In the latter, which Child took to be the ancestor of both the Scarborough Fair and Acre of Land song groups, knight and lady set each other a series of impossible tasks. The earliest texts cited (broadsides, as mentioned above) describe the knight as "elphin", and this is retained in some later Scottish examples from oral currency. In most others no supernatural element is mentioned. The Devil appears in the titles given to two Scottish examples by their collectors/editors, but without any internal evidence, so these may be editorial (though Child seems to accept them at face value). Finally, Child prints a text found by Baring-Gould in Cornwall, where the man is the woman's dead lover. Although it may be authentic, there are signs of editorial intervention of the kind Baring-Gould so often engaged in, so I wouldn't base any theory on it.

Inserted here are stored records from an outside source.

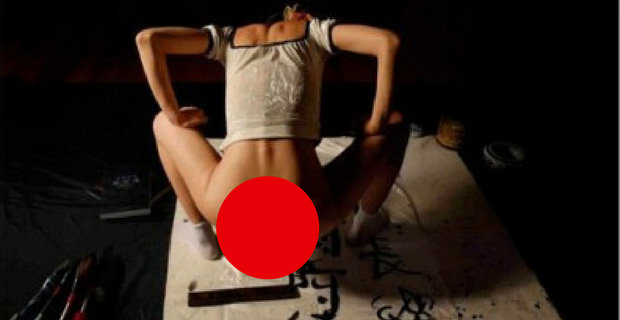 Le artiste dipingono con la vagina, il loro maestro ora è nei guai
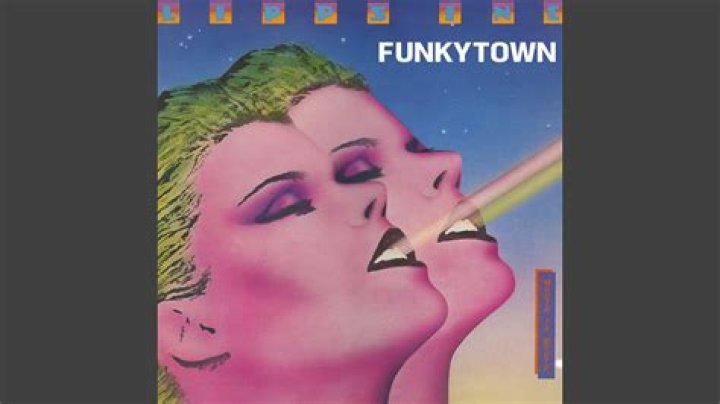 Full HD Clip Funky Town Gore Breaking News in USA Today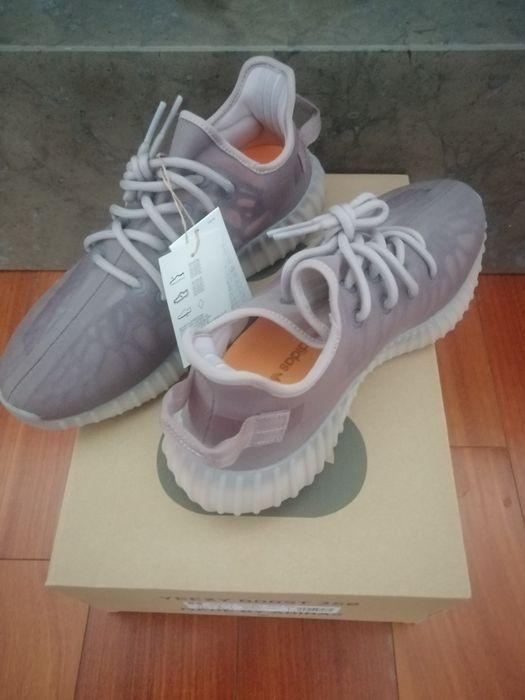 Adidas Yeezy Boost V2 350 Mono Mist, tamanho 42 e 2/3 (size 9 US)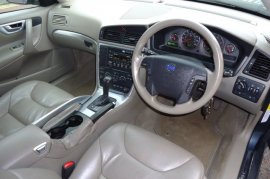 Volvo XC70 2.4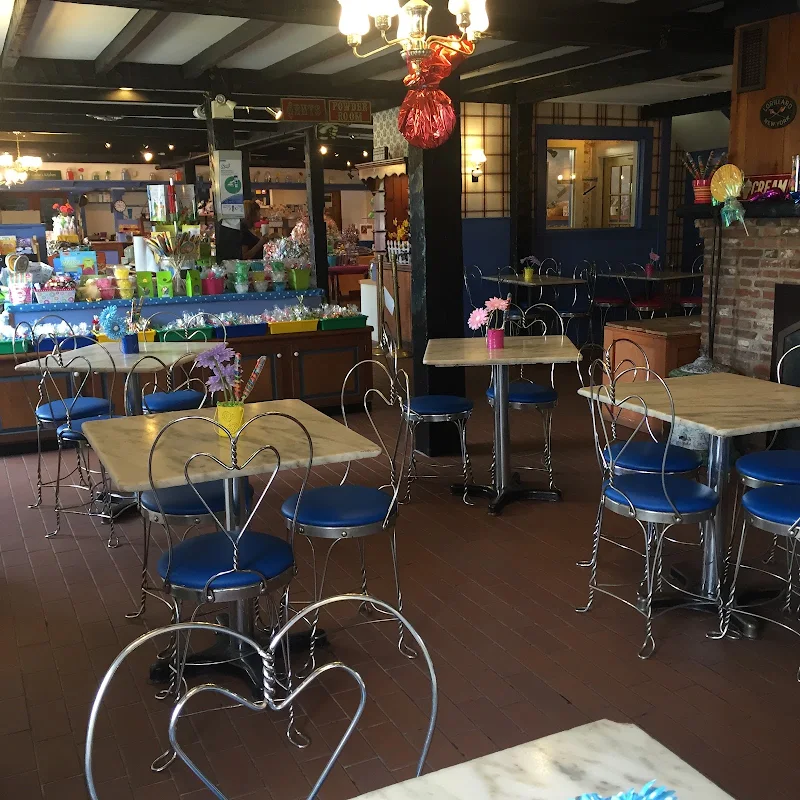 Putnam Pantry Candies, Ice Creams & Cafe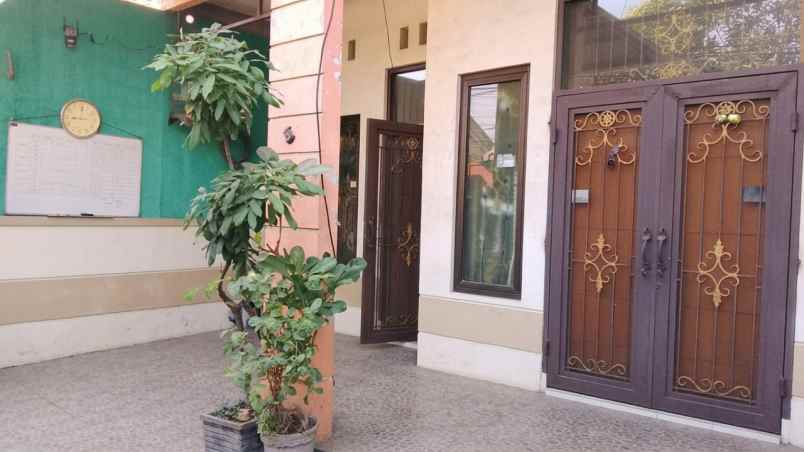 rumah di jambangan hadap barat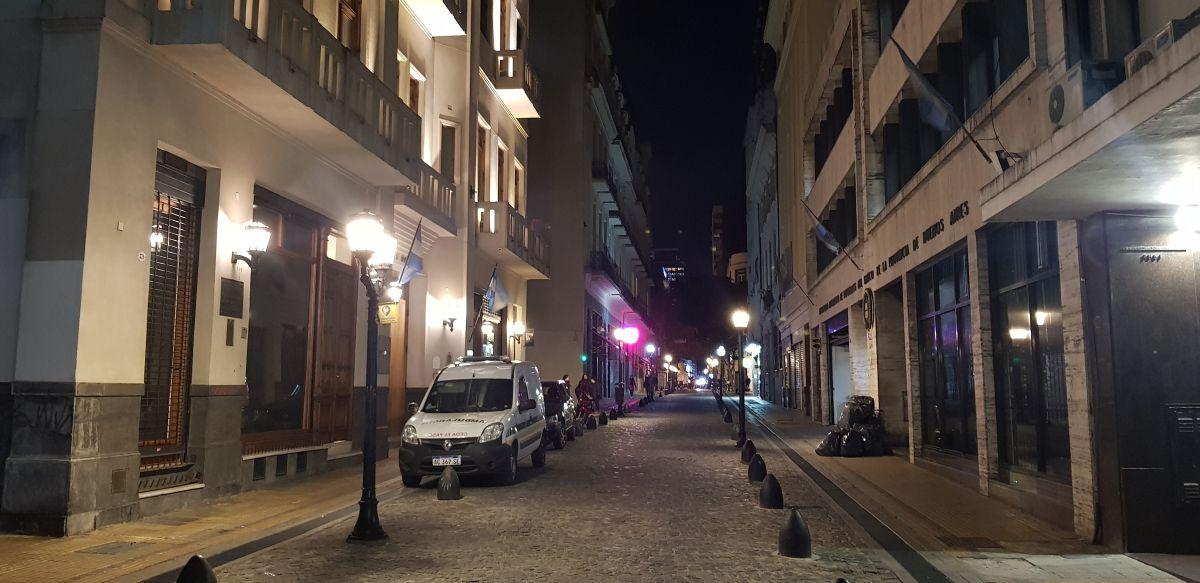 Bolìvar esq. av belgrano fte. excelente edificio de oficinas mix vvda. 2 amb. bcòn. vigil. sin rest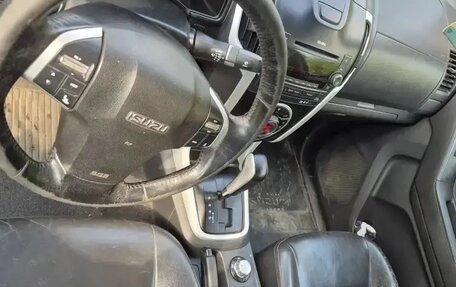 Isuzu D-Max II, 2016 год, 1 445 000 рублей, 11 фотография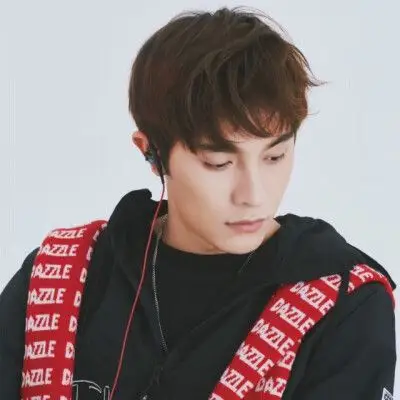 聂子皓,1993年出生于四川泸州,中国内地男演员,就读于北京电影学院.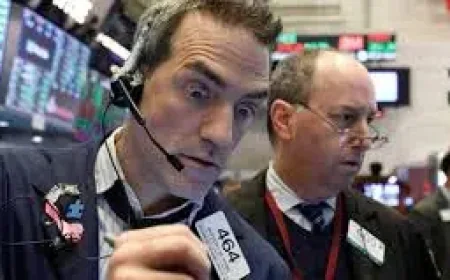 Jim Cramer Sees a Narrow Market Bounce Backed by Memory Stocks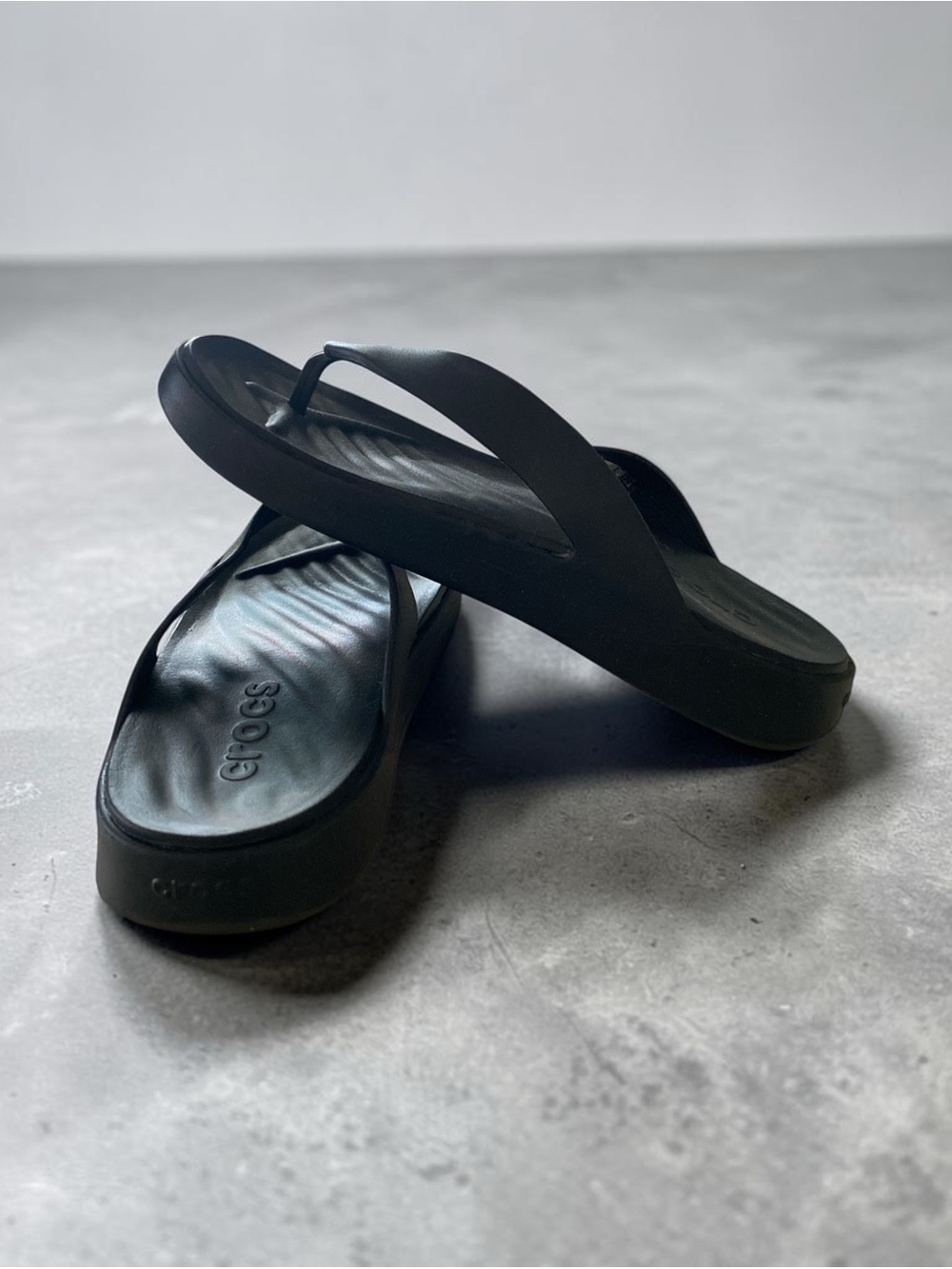 CROCS Black Foam Flip Flops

Much as I admire Lucy Broadwood's work, she was far from immune from the romantic tendencies of the time. Folklore studies a century ago were full of magical herbs and Grail Knights, most of which were probably quite imaginary. This, after all, was the period when things like Wicca and Neo-Paganism were being invented. That's not to say that there may not at some point have been some significance to "herbal" refrains in some contexts; but we don't actually know that, and we don't have evidence that the people who sang the songs attached any particular meaning to the refrains on the whole (though they may have made a guess if asked).

The subject has come up before, but mostly without very much useful information being posted. Typically, people have just quoted (usually without attribution) half-digested tidbits they've heard somewhere or other, presenting them as "fact". Lay the bent to the bonny broom has been discussed at much greater length, but often at cross-purposes by people who thought it belonged to The Cruel Sister. That particular phrase is as likely to have a sexual as a magical meaning; but sex was a bit frowned on a century ago. The romantic approach was "nicer", and is still preferred today by people who rely for their information on outdated sources.

I doubt if anyone will ever come up with a definitive answer. People like Miss Broadwood and Lowry C Wimberley (Folklore in the English and Scottish Ballads, 1928; you'd enjoy that) made some very interesting guesses, but in the end that's all they were. They get repeated as received wisdom, but on the whole students of the subject are more cautious today. Without real internal evidence, all we can reasonably say is "perhaps; and perhaps not".